Ohhhh Black and orange ! gonna look sexy

Reactions: Like 1


----------



## RIEFY

ok so now i also want one llol

Reactions: Like 1


----------



## vaalboy

Cape vaping supplies said:


> ok so now i also want one llol


 
Me too!!

Reactions: Like 1


----------



## Gizmo

Found this video on how to build a coil on the RM2.

​

is that basically it @Matthee?


----------



## Andre

YES, YES, YES....another Reonaut - great colour combination that. You are welcome to blame me, you will thank me after the short learning curve. Hope you have some of the recommended AW IMR 18650 (1600 or 2000 mAh) batteries handy, the Reo will be here before you know it. In the mean time study up on the videos I have posted here and practice some coil building. There are some great stickies on the Reo Forum: http://www.e-cigarette-forum.com/forum/reos-mods/. 

You probably should have ordered a few spares (like extra 6ml bottles, o rings, etc.). If you have any questions, please feel free to ask away.


----------



## Andre

Gizmo said:


> Found this video on how to build a coil on the RM2.
> 
> ​
> 
> is that basically it @Matthee?



Yes, that one will work.
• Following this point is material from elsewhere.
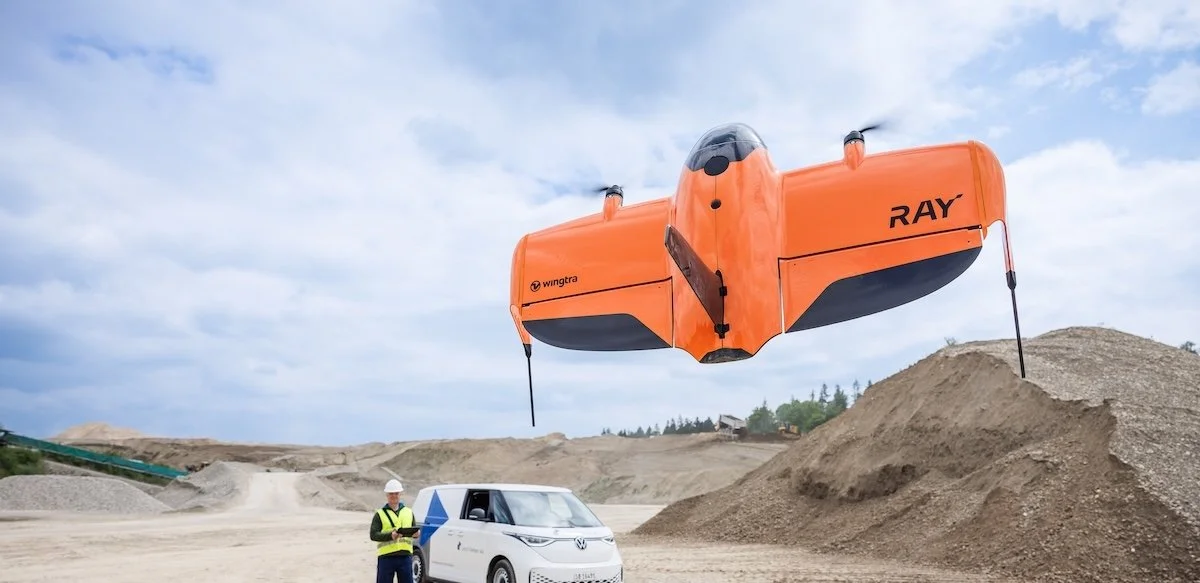 WingtraRAY fixed-wing VTOL drone flying over construction site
I like the one below better for it shows tightening up the coil with pliers. I do not flame the wire beforehand. You also don't need the jig, a C clamp and 1.5mm drill bit works perfectly. Or the needle shown in the the video you posted. Will later post a video of doing the coil and wick the quick way, not micro coiling.


----------



## Andre

Here the quick coil and wick video:


----------



## Gizmo

So it has to be IMR, what about ICR or the standard ones?


----------



## CraftyZA

Nail clippers are an essential tool in any coil builder's tool box. I will struggle without my clippers

Reactions: Like 1


----------



## Andre

Gizmo said:


> So it has to be IMR, what about ICR or the standard ones?
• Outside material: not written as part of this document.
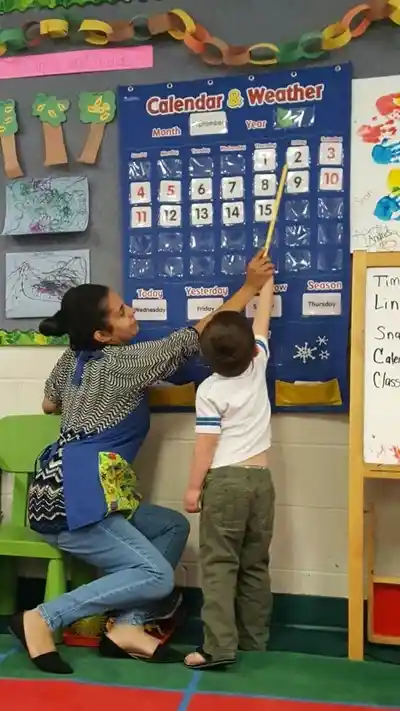 Teacher teaching her student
Must be button top, otherwise you will bugger up the firing pin in the longer run and get sparking. The AW IMRs are what the majority of Reonauts use. These batteries are Lithium Manganese, a safer chemistry apparently and the Reos were designed for them. You can read more on the Reo Forum if you like. I found this sticky quite useful: http://www.e-cigarette-forum.com/forum/reos-mods/270331-free-reo-forum-thread-index.html


----------



## Gizmo

Ok cool. Is it true that the Reomizer V2 is not soo great


----------



## Andre

Gizmo said:


> Ok cool. Is it true that the Reomizer V2 is not soo great



Wow, watching and listening to this guy is worse than going to a funeral. He does say at the end the RM2 is the best for a Reo and he will buy one again, but he does go on about the posts' holes in this particular one that was not quite aligned. He also says that it vapes great. The RM2 is one of very few attys with a ceramic base, making shorting much less of a problem. IMHO one of the easiest rbas to work on with the ample space between the posts. Anyhow there are quite a few Reo compatible rbas out there, but none that matches the RM2 in performance, other than the Chalice, which is around 4 times the price of the RM2 and you cannot easily get hold of one. In the sticky section of the Reo forum there is a thread listing all compatible rbas.

Reactions: Like 1


----------



## Andre

Homework, Gizmo. Maintenance about once a month. The black stuff in the plastic baggie will be the Noalox you use a little dab of on the firing pin.


----------



## Gizmo

My REO has landed in SA. Should receive it shortly! It says its at Post office on USPS. I assume that's is their delievery location before they start expediting?


----------



## Andre

If it says Post Office you should be able to go there, sign for (required) it and collect! And probably no taxes. If you wait you will get a slip in your postbox to go and do that. Whoopeeeee, another Reonaut! As soon as you show us your pictures, you will get a badge.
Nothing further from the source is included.